Arnaud Passalacqua participe au festival Printemps de l’histoire environnementale, qui se tiendra du 1er au 16 juin 2023.

RetroNews : La Révolution industrielle, lorsqu’elle éclate, fait-elle naître immédiatement avec elle un immense désir de mobilité de la part des populations ?

Arnaud Passalacqua : L’histoire des transports a souvent été mise en avant pour illustrer la notion de « Révolution industrielle », à travers la figure emblématique de la locomotive à vapeur. Le basculement vers une histoire des mobilités invite à réviser assez lourdement ce schéma, de même que la notion de Révolution industrielle est dépassée au profit d’un processus d’industrialisation de temps plus long, aux racines largement ancrées dans le XVIIIe siècle.

C’est en effet dès cette époque que la mobilité s’accélère alors qu’elle se déploie surtout sur un réseau routier, dont l’amélioration permet des vitesses plus élevées.

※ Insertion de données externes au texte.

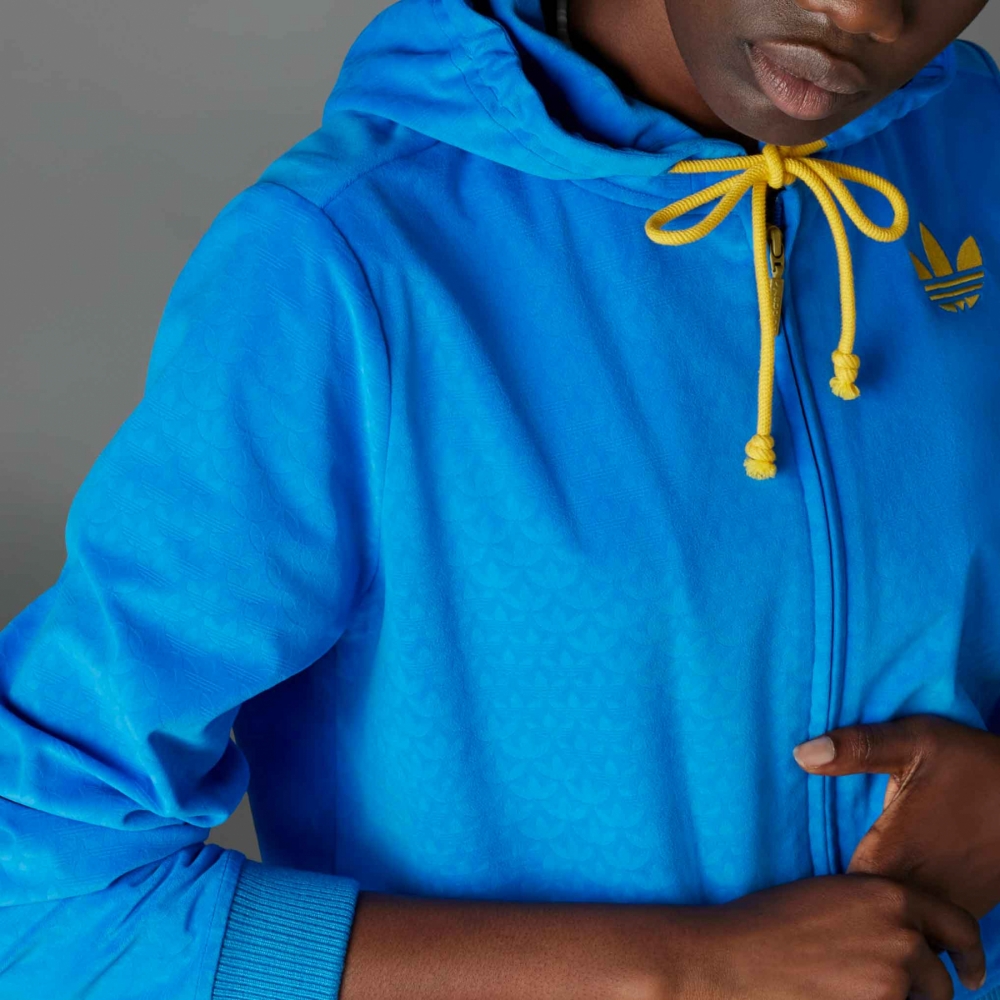 Blue and outlet yellow adidas hoodie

Simultanément, le rapport au temps évolue et la notion de ponctualité s’affirme. Le chemin de fer n’est donc pas le moteur de ce processus social mais son catalyseur. Il est indéniable qu’il a contribué à fortement augmenter les vitesses pratiquées et à massifier les flux, mais il est arrivé à un moment où la société était déjà lancée dans cette mutation.

Le voyage n’est pas une nouveauté du XIXe siècle. En revanche, ce qui est probablement plus nouveau est l’émergence du tourisme, une notion héritée des jeunes aristocrates britanniques qui se diffuse dans les valeurs bourgeoises, en particulier par la pratique ferroviaire, à partir du milieu du XIXe siècle, aidée par la création d’opérateurs comme le service lancé par Thomas Cook dans les années 1840. Elle est relayée, sous le Second Empire, par l’essor des stations balnéaires ou thermales, qui s’ouvrent peu à peu à des populations plus larges.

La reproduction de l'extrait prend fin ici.